(SOURCE DATA Opens)
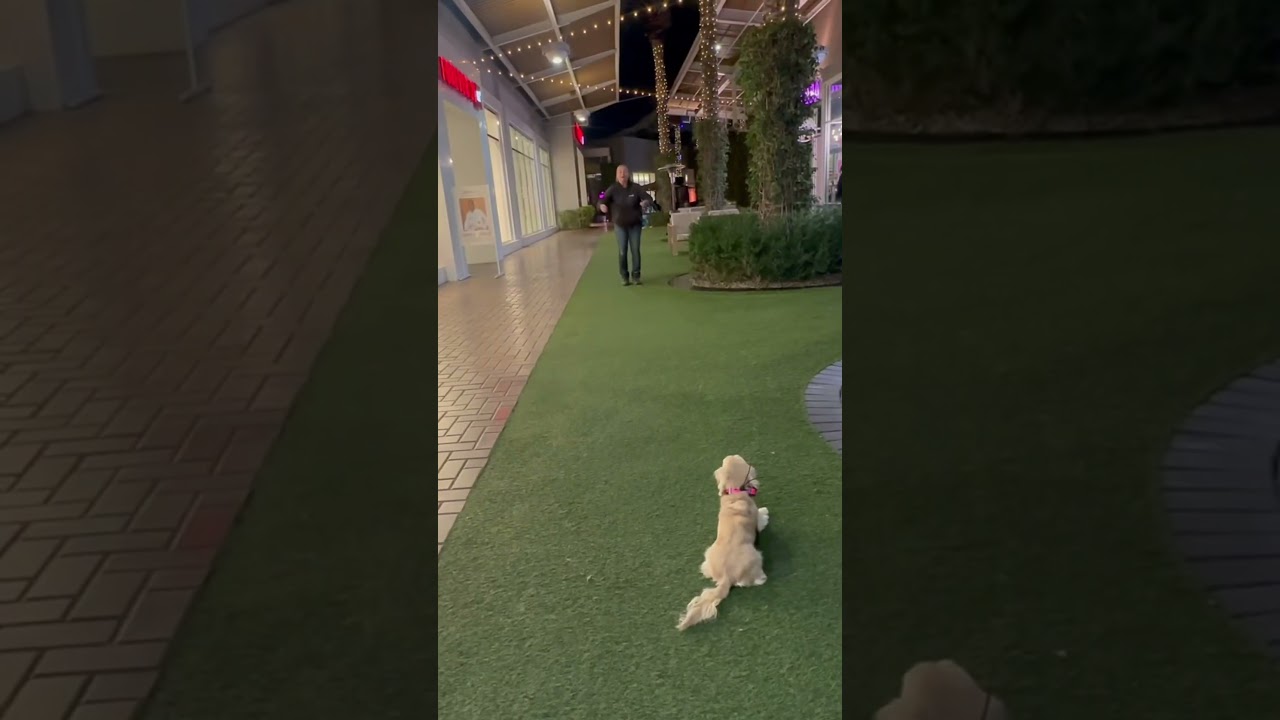 1 yo Dachshund Bellini ~ Best Dachshund Trainers ~ Off Leash K9 Training Phoenix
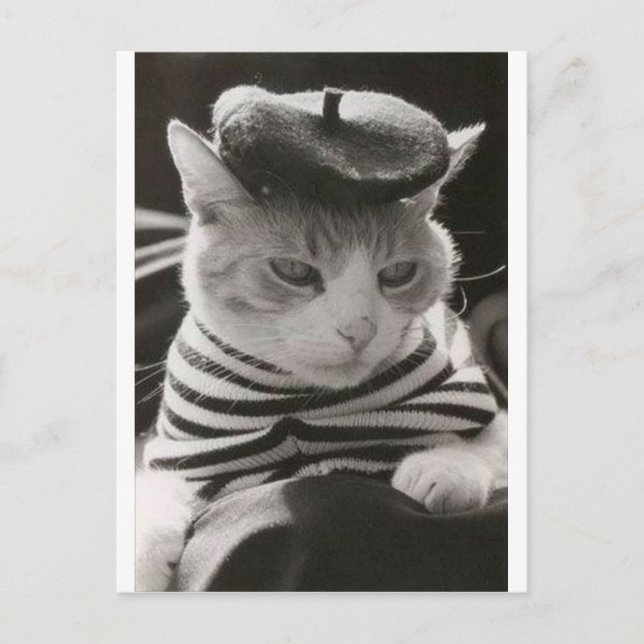 Vintage französische Katze Postkarte (Vorderseite)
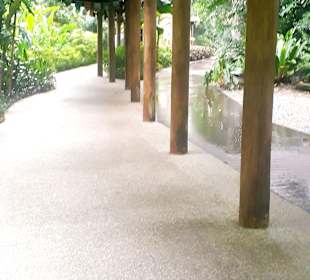 Singapur Zoo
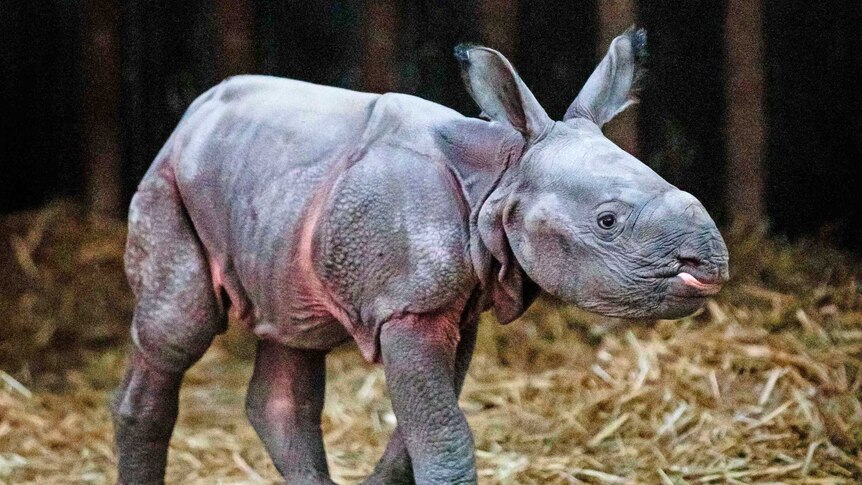 Taronga Western Plains Zoo in Dubbo has announced the birth of Australia's first "greater one-horned" Rhinoceros calf.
(SOURCE DATA Closes)
§ TASK BRIEF: Once the pictures are set aside, what is needed is the lines from the line with "Vintage französische Katze" through the end of the data, written out exactly and alone.

§ EXERCISE SOLUTION:
 Vintage französische Katze Postkarte (Vorderseite)
 Singapur Zoo
 Taronga Western Plains Zoo in Dubbo has announced the birth of Australia's first "greater one-horned" Rhinoceros calf.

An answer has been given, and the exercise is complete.